UI partners with institutions to open Tanager Place Research Center
Tuesday, September 25, 2012

The University of Iowa is one of five academic institutions partnering to create the Tanager Place Research Center.

Tanager Place, a non-profit agency in Cedar Rapids with a more than 100-year-history of serving children with behavioral, psychological, or emotional challenges, announced the opening of the center at a press conference today, Tuesday, Sept. 25.

Coe College, Cornell College, Mount Mercy University, and St. Ambrose University are the other four institutions that are part of this unique partnership.

College of Education's Volker Thomas talks to some of his students in Lindquist Center.
College of Education associate professor Volker Thomas talks with some of his students in his family-based play therapy course. Photo courtesy of Kirk Murray.

"The Tanager Place Research Center fits the outreach mission of the University of Iowa and the College of Education," says Volker Thomas, associate professor and coordinator/director of the Couple and Therapy Program in the UI College of Education's Rehabilitation and Counselor Education Department. "The collaboration will provide opportunities to offer community-based family therapy interventions and conduct research testing the effectiveness of those interventions."

The center's goal is to facilitate research that has the potential to expand knowledge and positively affect children and families, according to Joan Hackbarth, Tanager Place director of community relations.

"The collaboration will provide opportunities to offer community-based family therapy interventions and conduct research testing the effectiveness of those interventions."
—Volker Thomas

"Tanager Place is excited to launch this new initiative that will blend the strengths of the local academic arena with the pool of research data available through Tanager's programs," Hackbarth says. "Our goal is to grow an extensive body of new research that can help impact practice and policy and positively affect children and their families for generations to come."

Areas of potential impact are wide-ranging, and could include new research findings on how children respond to expressive art techniques, how children and their families gain access to mental health care, the success indicators for outpatient and inpatient programs, and a diverse range of research possibilities. The research center will allow for a robust new framework of data and has the potential to improve methods of treatment in a variety of settings.

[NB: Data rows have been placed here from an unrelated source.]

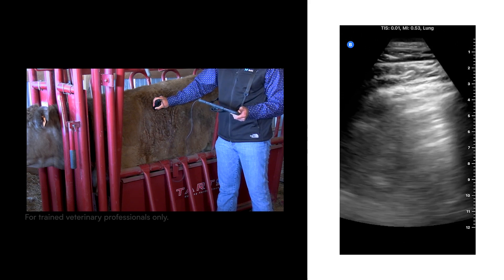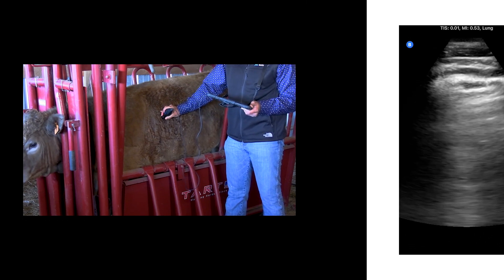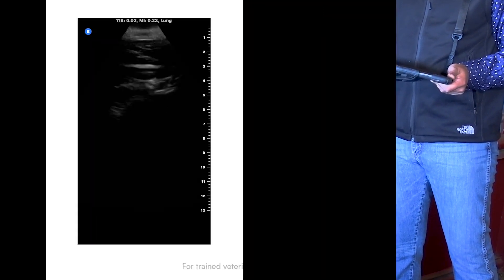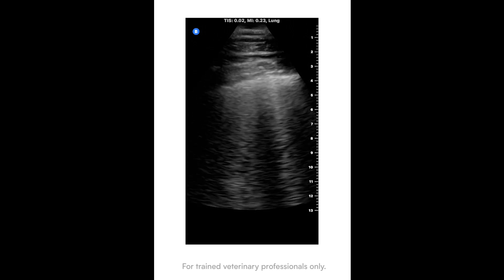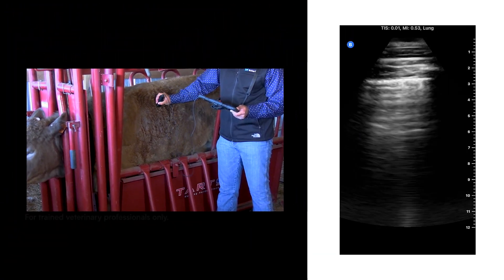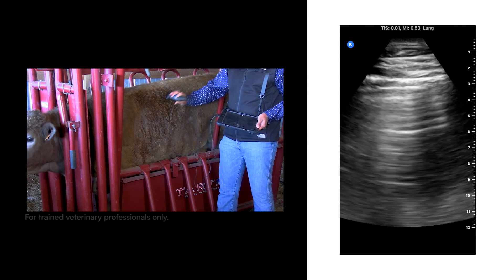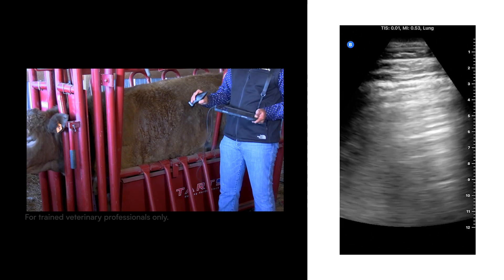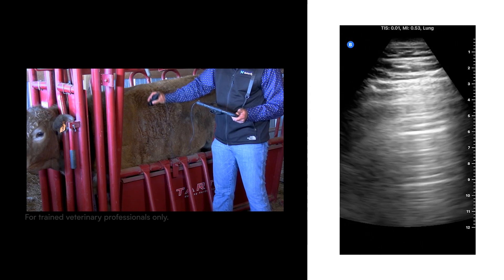You can see if there are any B lines present. B lines are an indicator of lung injury. They are lines that go vertically from the top of the lateral line all the way down through the image — they look like high beams from a car on a dark road, starting thin at the top and widening at the bottom. You go intercostal space by intercostal space scanning all the way down. Make sure you're fanning your probe — fanning means changing the angle of your probe — so you get to see more of the lung tissue.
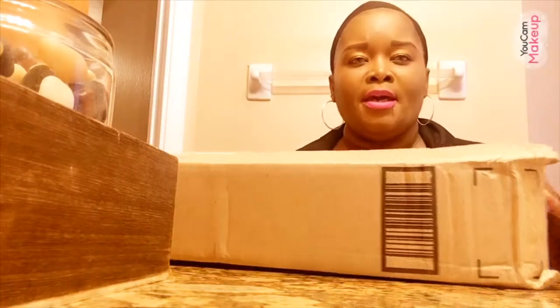Hey guys, welcome back to our channel. Welcome to The End Fam. Today I'm going to be doing a wig tutorial. I bought this wig through Amazon and the company name is Netgo. So stay tuned.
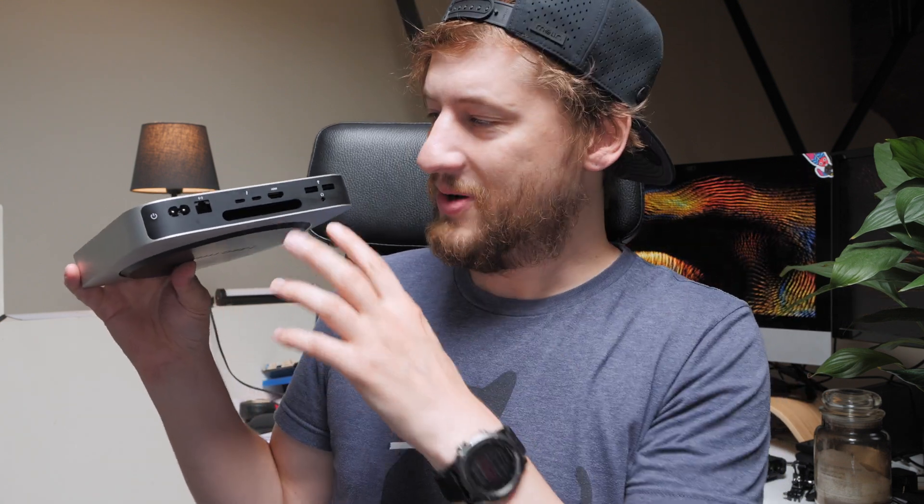The Mac Mini is great but depending which version you have, you probably don't have enough ports in the back and none in the front. The first thing most people look for is a solution. If you just have dongles and things that plug in and hang out the back, it could be really messy, so if you want something nice and clean you should probably look at one of the docking stations.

Tanager Place staff are developing working relationships with faculty at each of these academic institutions. They have created a research advisory council drawn from faculty at research universities and liberal arts colleges in the Midwest. Membership also includes representatives from three other local agencies.

A fellowship program for faculty and their students will also be a major part of the new research center.

"This partnership will allow faculty and students access to certain populations as well as to data and financial resources for conducting research during summers and the academic year, " Hackbarth says.

Thomas says the UI College of Education welcomed four doctoral students into its new Couple and Family Therapy (CFT) program this fall with plans to admit four more students in fall of 2013.

"My plan is to have at least two to three Couple and Family Therapy program doctoral students, two counseling psychology doctoral students, and some undergraduate students work on projects in collaboration with the Tanager Place Research Center," Thomas says.

The results of the research will then be shared with interested parties, including policymakers. The hope, Hackbarth says, is that this will positively influence both practice and policy.

"This will encourage knowledge development and, ultimately, help better serve youth and families who need it most," Hackbarth says. "We're very excited about this opportunity to truly make a difference."